I totally embrace the technological progress that allows artist such as myself to have a platform to express ourselves digitally to a global audience. The web, for sure, has given me the opportunity to do this in a way that would have been almost impossible in the 1970s. Without the tools provided by technology it would have been much harder to get this kind of exposure.
„I totally embrace the technological progress that allows artist such as myself to have a platform to express ourselves digitally to a global audience.“
What is most important is that the fundamental principles that guide my aesthetics and messages remain the same. It is no different from a roots Reggae singer who embraced technology, but the core message and rhythms stays rooted in the traditions of Rastafari and the Nyabinghi drums. It is the same balance I have with tradition and technology in my art.
My works on Flickr have attracted many admirers and friends of my art from around the world, including Germany, where the support is growing, now that my work has been published in Riddim and Irie Up magazines, and now House of Reggae, the exposure is fantastic.
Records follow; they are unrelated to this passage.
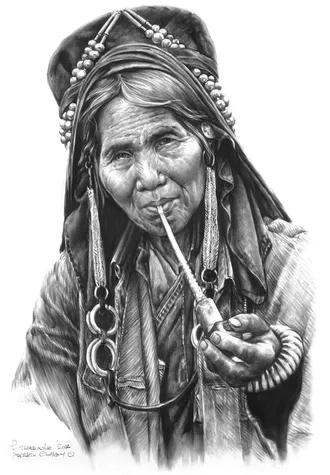 An elder from an Akha Panghok swidden-farming community in mountainous northern Laos draws thoughtfully on her pipe as she regards a foreign visitor Sketch based on a photo by Laurent Chazée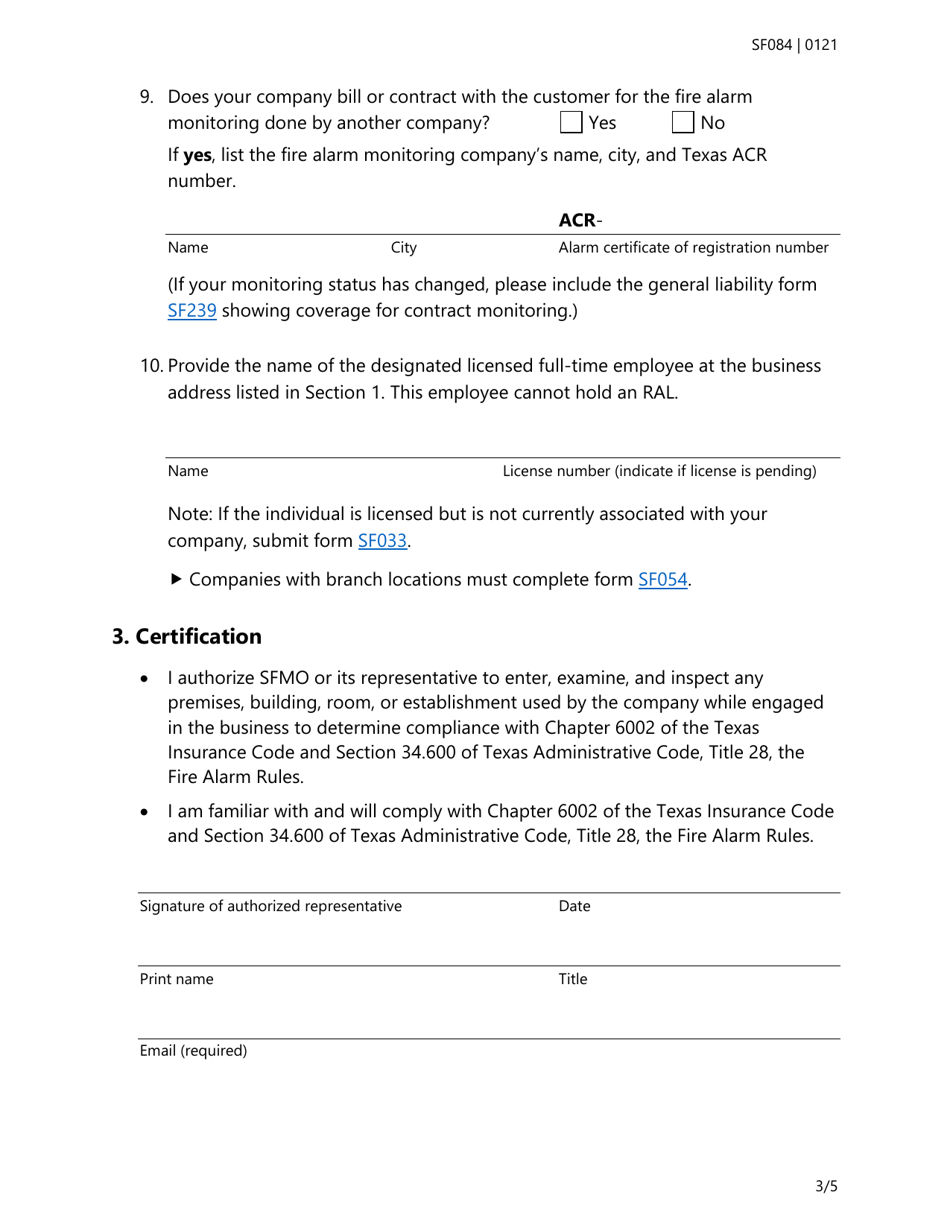 Form SF084 Fire Alarm Certificate of Registration Renewal Application - Texas, Page 3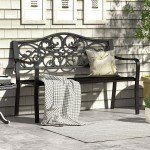 Black 127CM Outdoor Garden Bench with Armrests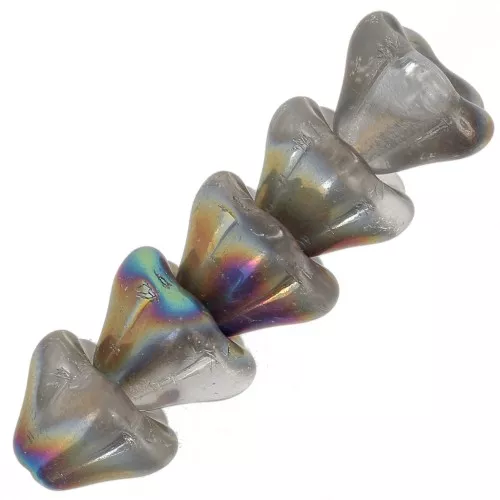 Perle di vetro fiore 6x8 mm - Crystal Vitrail mat x10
I have to give nuff respect to you and the people at Riddim and Irie Up.
What’s your aim with the posters?
To me, poster art provide the perfect conduit for “freeform creativity”, the absence of any direction drives the energy in my art. It pushes the boundaries of my creativity to grow. It is the liberating factor that I experience and the satisfaction that I get from trying to make a difference, my Flickr ID “Freestylee, artist without borders“ is a reflection of that.
Art should not only express the beauty that surround us, but also try to advocate for change. I am ready to highlight and show solidarity with these who struggle in places like Gaza, Tivoli Gardens, and Tunisia, who are oppressed by state sponsored violence, or support environmental concern etc., a small voice is still louder than silence. My art accomplishes this in a fun and beautiful way and that is what I try to do in my work; combining creative and solidarity to garner support on a number of pressing issues of our time.
„It is that same way I see my posters; protest and positive messages wrapped in beautiful images and designs.“
I look to conscious Reggae musicians for inspiration as well. They have combined protest music that’s fun. We can dance to the rhythms and still get the message, it is what make singers like Bob Marley and Burning Spear and others successful. Many of their songs are also expressing the harsh realities of life, and the oppressive nature of Babylon that governs us. It is that same way I see my posters; protest and positive messages wrapped in beautiful images and designs.
This type of positive art can be successful as well. I’m very interested in the potent revolutionary narratives, and my poster art can bring my passion to the web, the streets, art galleries, and the global stage. Give Thanks!